> **RECORDS FOR THIS EXERCISE**
════════

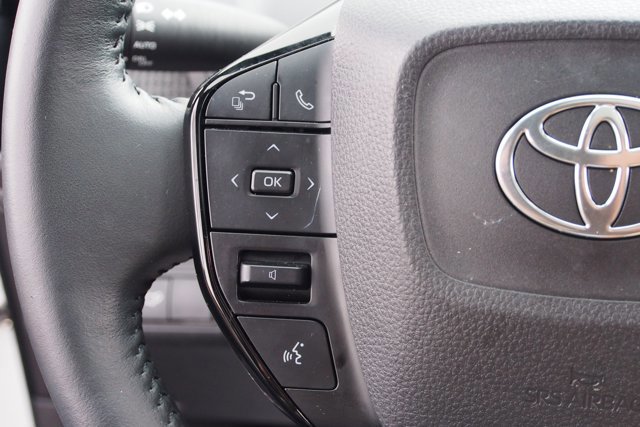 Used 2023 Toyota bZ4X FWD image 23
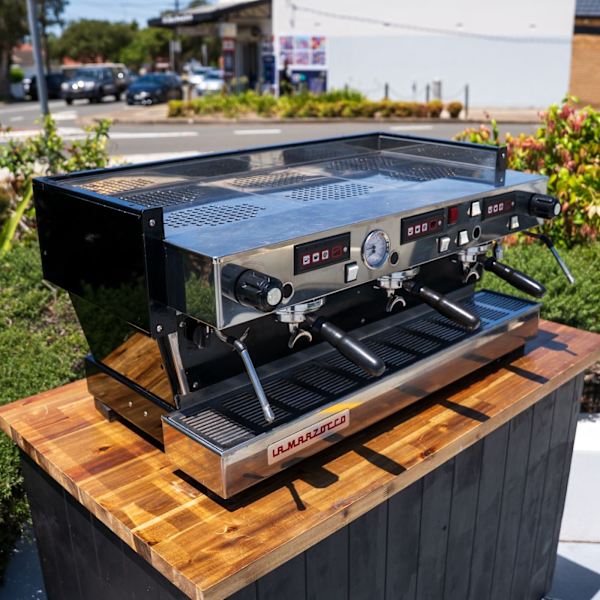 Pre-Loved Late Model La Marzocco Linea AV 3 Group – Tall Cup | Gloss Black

════════

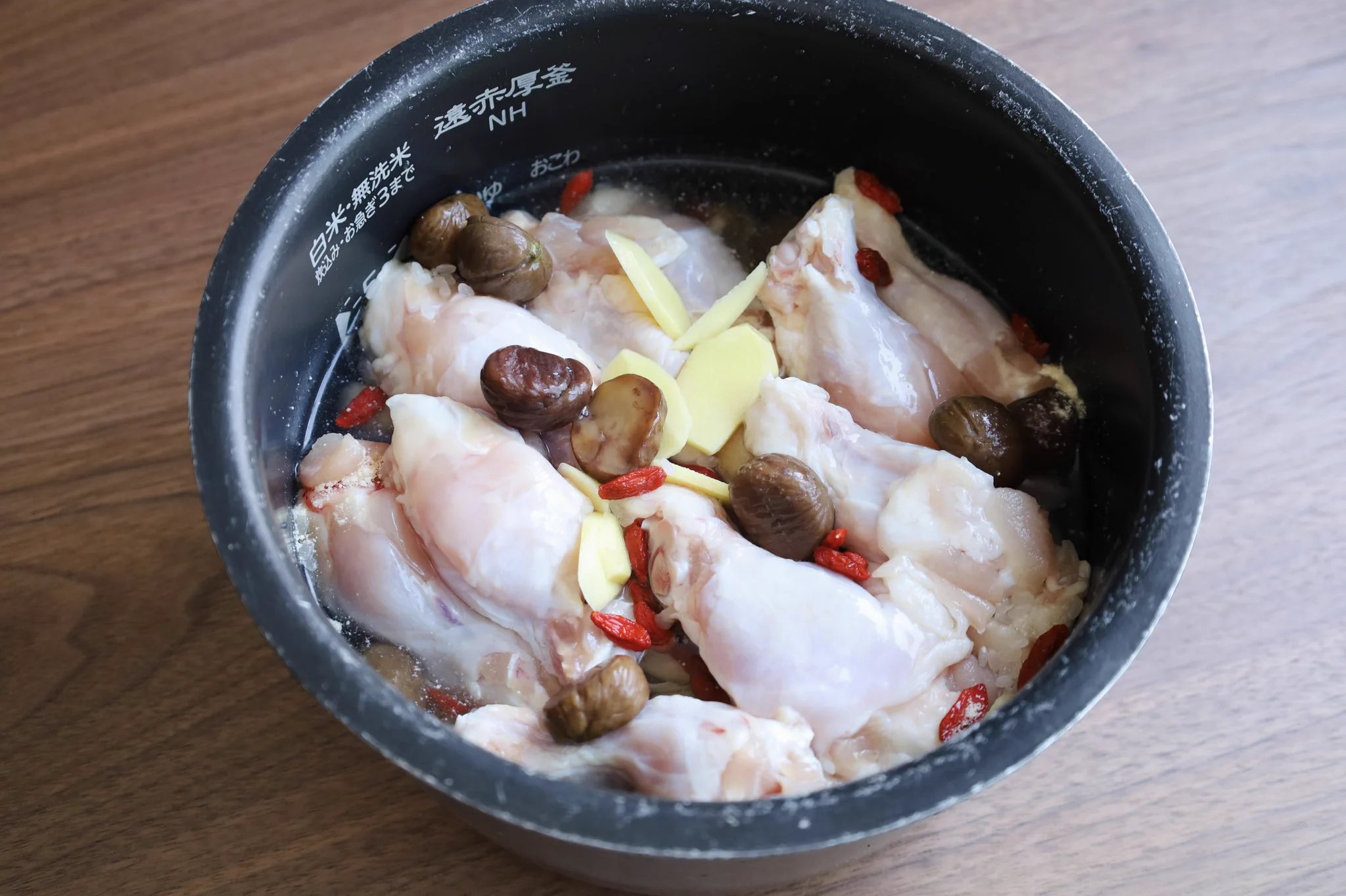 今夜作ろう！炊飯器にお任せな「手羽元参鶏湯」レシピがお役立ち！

════════

Write out the lines above from the one with "Used 2023 Toyota bZ4X FWD image 23" through the one with "Pre-Loved Late Model", ends included, exactly; no picture goes in.

 Used 2023 Toyota bZ4X FWD image 23
 Pre-Loved Late Model La Marzocco Linea AV 3 Group – Tall Cup | Gloss Black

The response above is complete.